What to produce>
Word for word, write the lines below out again, with no pictures.

━━━━━ Given records ━━━━━

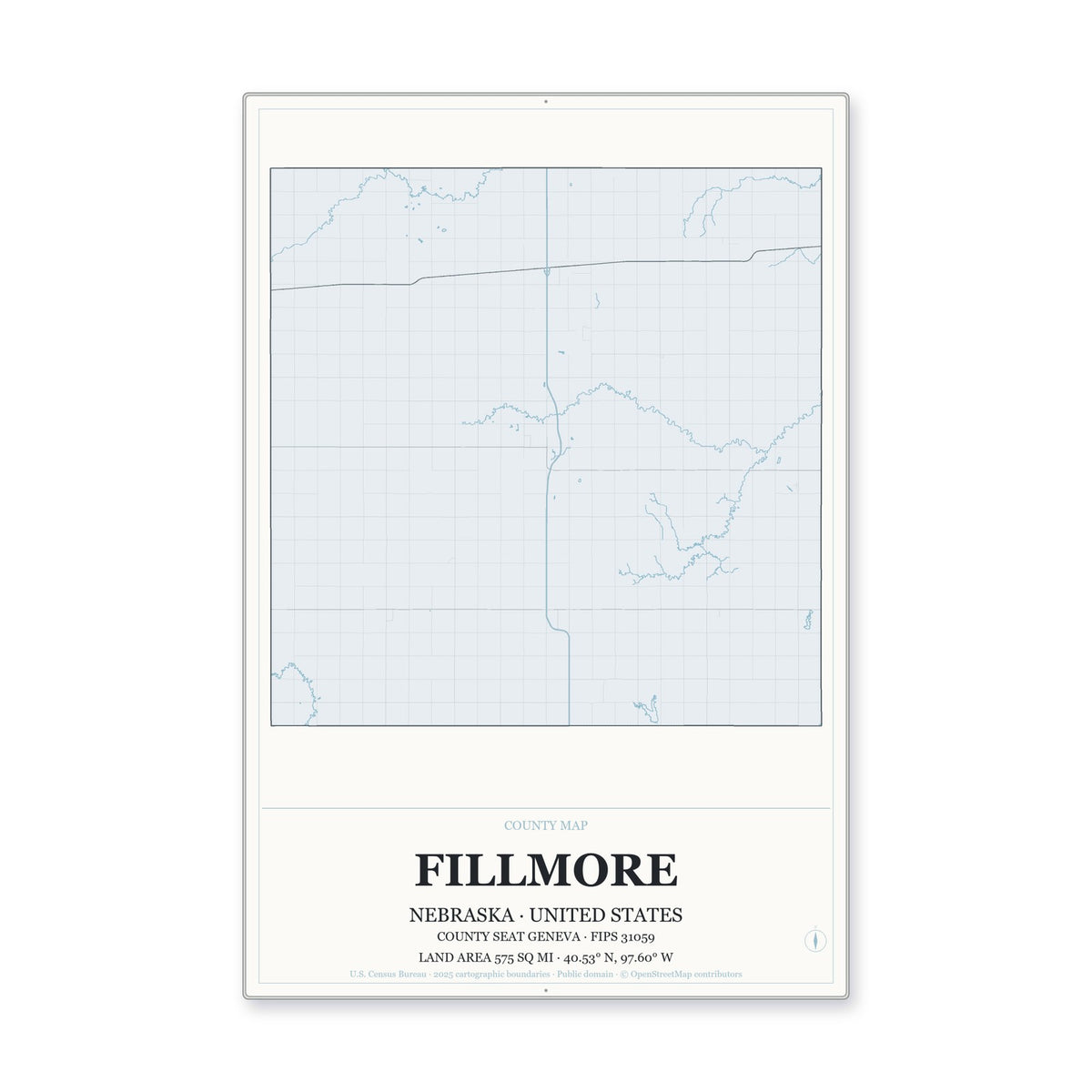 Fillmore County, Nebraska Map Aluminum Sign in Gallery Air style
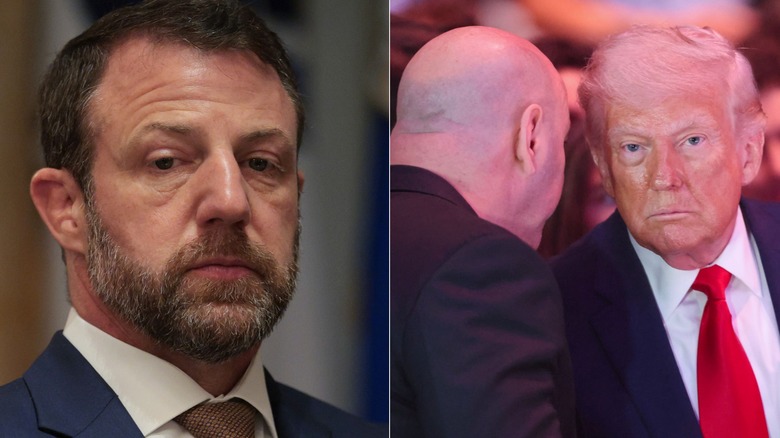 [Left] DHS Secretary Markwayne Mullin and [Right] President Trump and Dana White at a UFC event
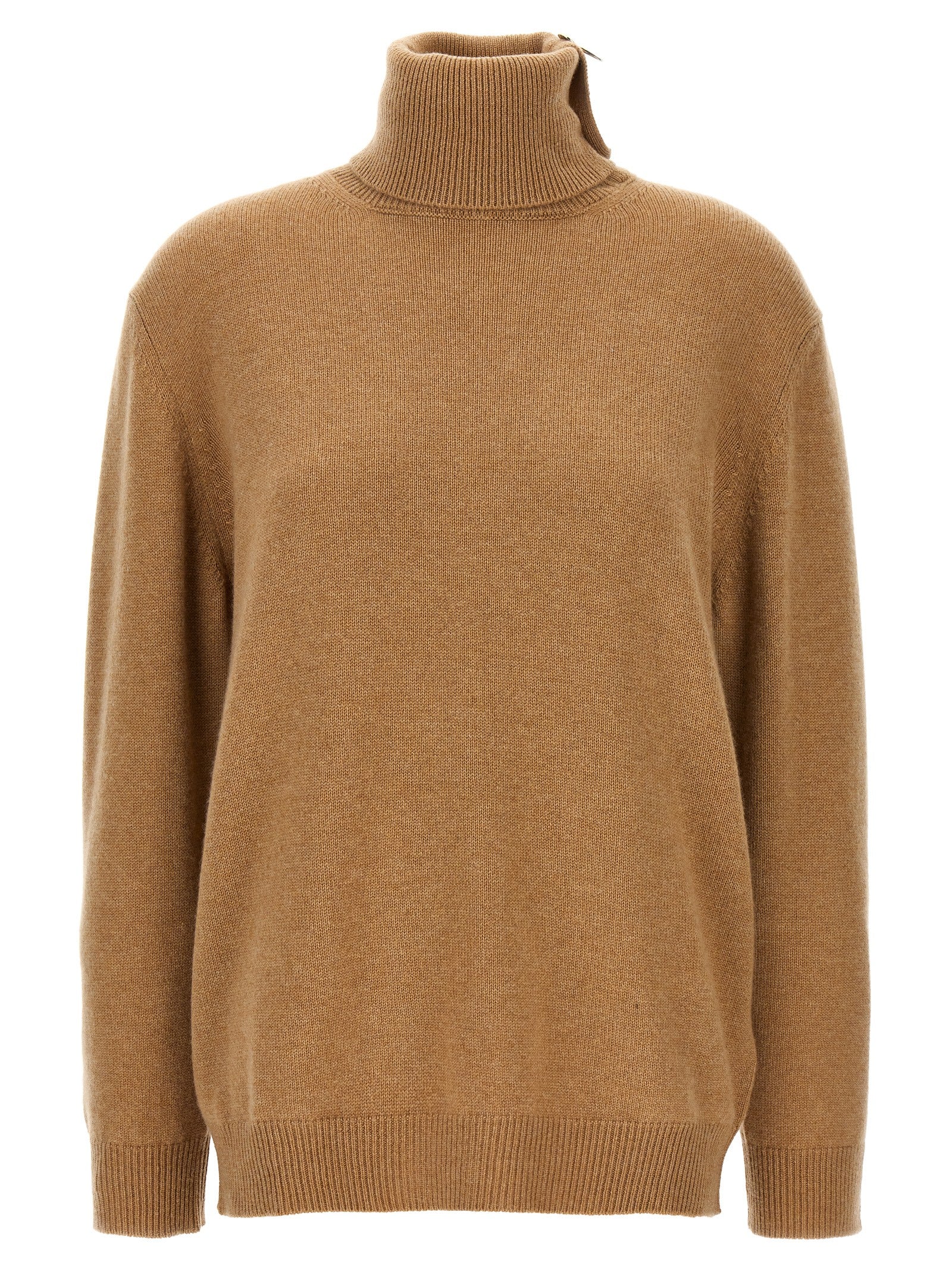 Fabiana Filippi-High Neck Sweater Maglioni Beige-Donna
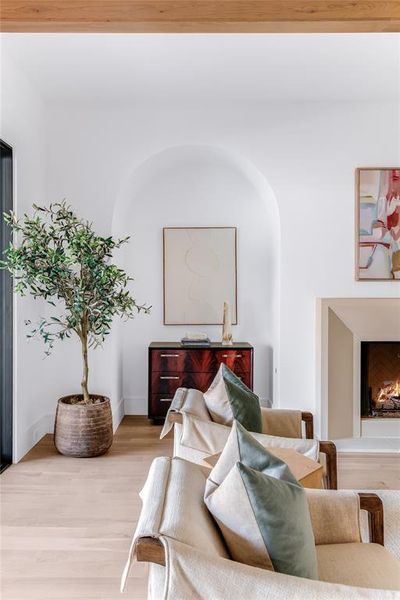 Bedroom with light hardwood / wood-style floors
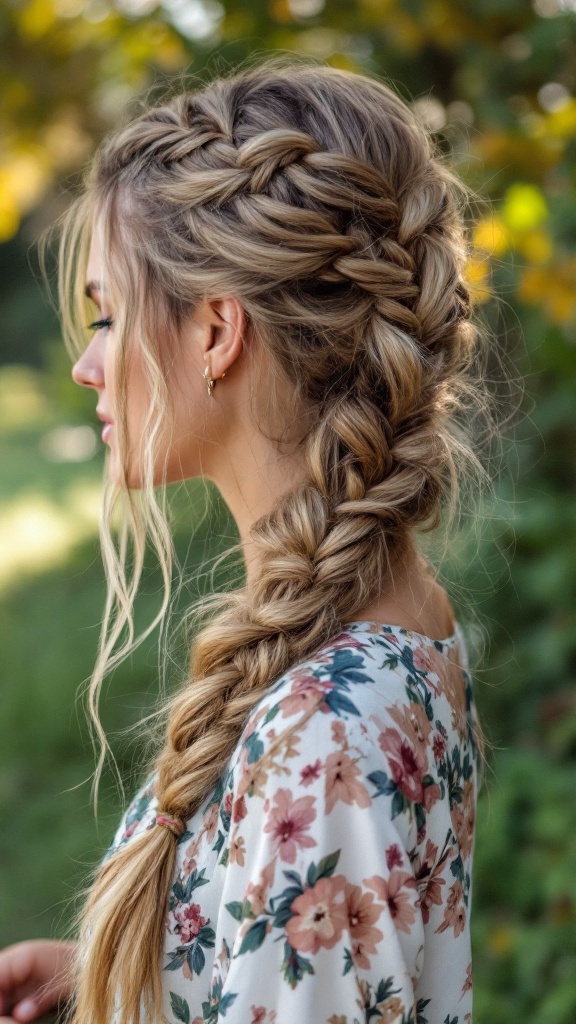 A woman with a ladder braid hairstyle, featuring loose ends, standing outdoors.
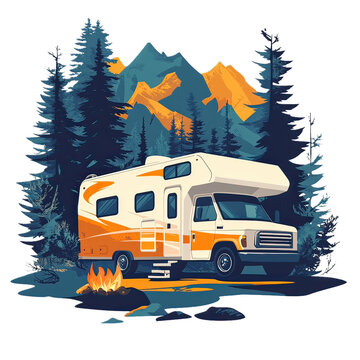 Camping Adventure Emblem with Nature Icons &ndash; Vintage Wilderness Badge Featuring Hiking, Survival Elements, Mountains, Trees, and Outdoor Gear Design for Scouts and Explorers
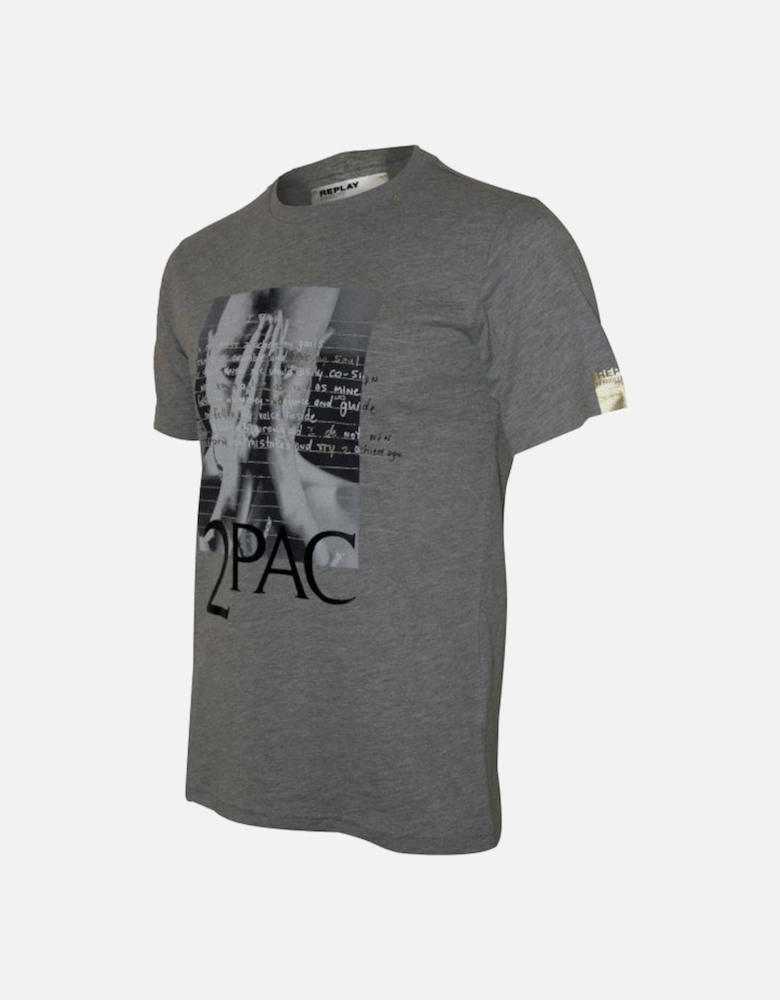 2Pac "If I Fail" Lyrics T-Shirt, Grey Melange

━━━━━

Output below>
 Fillmore County, Nebraska Map Aluminum Sign in Gallery Air style
 [Left] DHS Secretary Markwayne Mullin and [Right] President Trump and Dana White at a UFC event
 Fabiana Filippi-High Neck Sweater Maglioni Beige-Donna
 Bedroom with light hardwood / wood-style floors
 A woman with a ladder braid hairstyle, featuring loose ends, standing outdoors.
 Camping Adventure Emblem with Nature Icons &ndash; Vintage Wilderness Badge Featuring Hiking, Survival Elements, Mountains, Trees, and Outdoor Gear Design for Scouts and Explorers
 2Pac "If I Fail" Lyrics T-Shirt, Grey Melange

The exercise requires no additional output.